Hab immer noch Restmoleküle des Messdieners in mir. Karfreitag ist was Besonderes, dräuender Endpunkt eines nicht ganz unspannenden Prozesses. Karneval, Fastenzeit, Kreuzwegandachten. Zwischendurch wurde es Frühling. Die Knospen sprossen, die Hormone zuckten. Dann das „Klappern“ der Jugend während der Karwoche. Richtiggehend durchstrukturiert, eminent wichtig und wichtigtuerisch. Am Ende gab’s Eier als Honorar. Dann das mit Purpur verhängte Kruzifix. Ernst, dunkel, pathetisch, aber in gebannter Erwartung von etwas Geheimnisvollem.
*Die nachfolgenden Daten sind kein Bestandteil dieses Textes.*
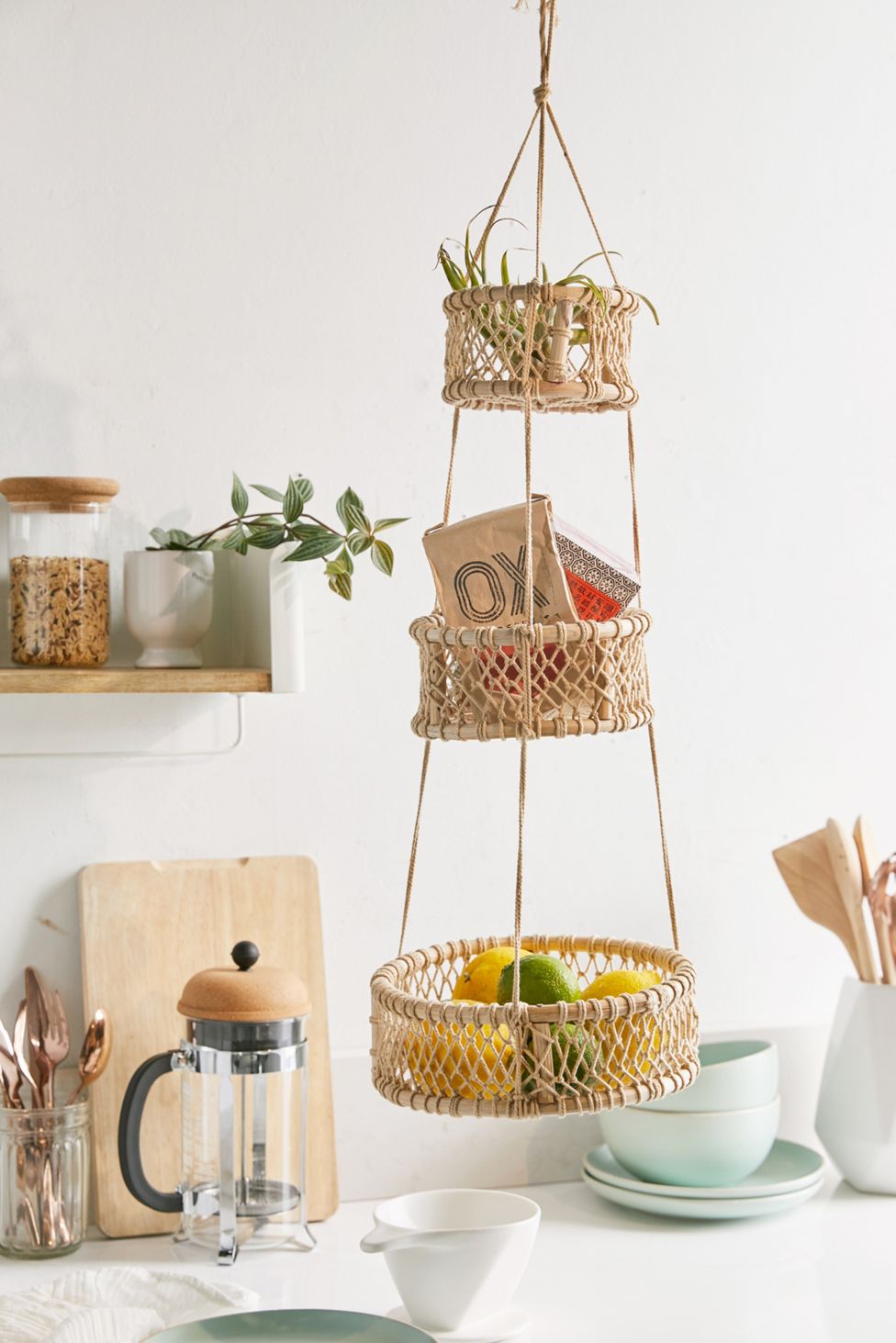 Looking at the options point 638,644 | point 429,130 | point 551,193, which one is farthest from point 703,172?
point 638,644

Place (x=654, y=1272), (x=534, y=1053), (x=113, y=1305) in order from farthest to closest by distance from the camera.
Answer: (x=654, y=1272)
(x=113, y=1305)
(x=534, y=1053)

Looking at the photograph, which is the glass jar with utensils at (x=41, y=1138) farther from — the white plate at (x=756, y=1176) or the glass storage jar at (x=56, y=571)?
the white plate at (x=756, y=1176)

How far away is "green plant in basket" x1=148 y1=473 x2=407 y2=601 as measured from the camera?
4.07ft

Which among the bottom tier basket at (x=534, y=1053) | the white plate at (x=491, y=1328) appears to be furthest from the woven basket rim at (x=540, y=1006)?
the white plate at (x=491, y=1328)

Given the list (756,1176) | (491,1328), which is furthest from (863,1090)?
(491,1328)

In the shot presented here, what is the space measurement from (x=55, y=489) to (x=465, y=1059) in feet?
1.97

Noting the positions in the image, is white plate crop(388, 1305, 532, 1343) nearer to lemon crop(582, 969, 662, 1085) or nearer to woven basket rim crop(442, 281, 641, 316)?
lemon crop(582, 969, 662, 1085)

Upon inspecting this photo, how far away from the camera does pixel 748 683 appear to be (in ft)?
4.95

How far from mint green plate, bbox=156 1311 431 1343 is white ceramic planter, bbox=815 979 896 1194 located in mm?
534

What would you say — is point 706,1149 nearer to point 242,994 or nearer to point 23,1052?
point 242,994

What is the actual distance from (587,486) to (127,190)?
20.3 inches

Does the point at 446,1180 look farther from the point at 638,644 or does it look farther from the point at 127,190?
the point at 127,190

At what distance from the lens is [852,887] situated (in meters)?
1.38

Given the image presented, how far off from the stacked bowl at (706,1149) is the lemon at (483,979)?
363mm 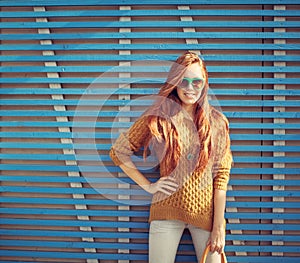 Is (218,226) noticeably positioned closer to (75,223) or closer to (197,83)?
(197,83)

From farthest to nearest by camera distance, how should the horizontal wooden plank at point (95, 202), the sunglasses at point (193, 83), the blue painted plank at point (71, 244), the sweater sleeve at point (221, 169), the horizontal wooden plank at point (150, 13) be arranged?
the blue painted plank at point (71, 244)
the horizontal wooden plank at point (95, 202)
the horizontal wooden plank at point (150, 13)
the sweater sleeve at point (221, 169)
the sunglasses at point (193, 83)

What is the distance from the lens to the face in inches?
128

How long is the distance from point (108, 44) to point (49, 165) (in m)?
1.19

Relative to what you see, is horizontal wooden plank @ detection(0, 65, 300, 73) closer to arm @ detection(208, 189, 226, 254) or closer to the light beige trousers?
arm @ detection(208, 189, 226, 254)

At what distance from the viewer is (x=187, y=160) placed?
3.30 meters

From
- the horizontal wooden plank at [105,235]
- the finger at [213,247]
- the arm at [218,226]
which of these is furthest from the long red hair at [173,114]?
the horizontal wooden plank at [105,235]

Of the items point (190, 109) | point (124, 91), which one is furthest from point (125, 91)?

Man wusste ja, wie die Story ausgeht, aber gerade die jährliche Wiederholung machte den Reiz aus. Der autoritäre Priester wurde noch frommer und unausstehlicher. Einfach ducken und durch. Bloß nicht lächeln, keinesfalls furzen vorm Altar. Der nettere Priester wurde ernst und in sich gekehrt. Besser nicht ansprechen mit etwas Banalem. Damals am Altar in verteilten Rollen die Johannes-Passion gelesen. Der (nettere) Priester war Jesus, ein Freund von mir (ist heute Priester) las den epischen Text, ich gab alle anderen Figuren. Sehr wichtig: den bedeutsamen Pilatus-Satz „Was ist Wahrheit?“ richtig zu betonen.
Was ist Wahrheit?
oder
Was ist Wahrheit?
oder
Was ist Wahrheit?
keinesfalls jedoch:
Was ist Wahrheit?
Die jährlich wiederkehrende Diskussion über den Karfreitag als unbedingten Ruhetag ist mir heutzutage mächtig schnuppe. Ruhetag war es früher eigentlich auch nicht, war sogar eher stressig. Was sich allerdings keinesfalls ändern darf, ist das inflationäre Versenden von Jesus-Filmen im Fernsehen.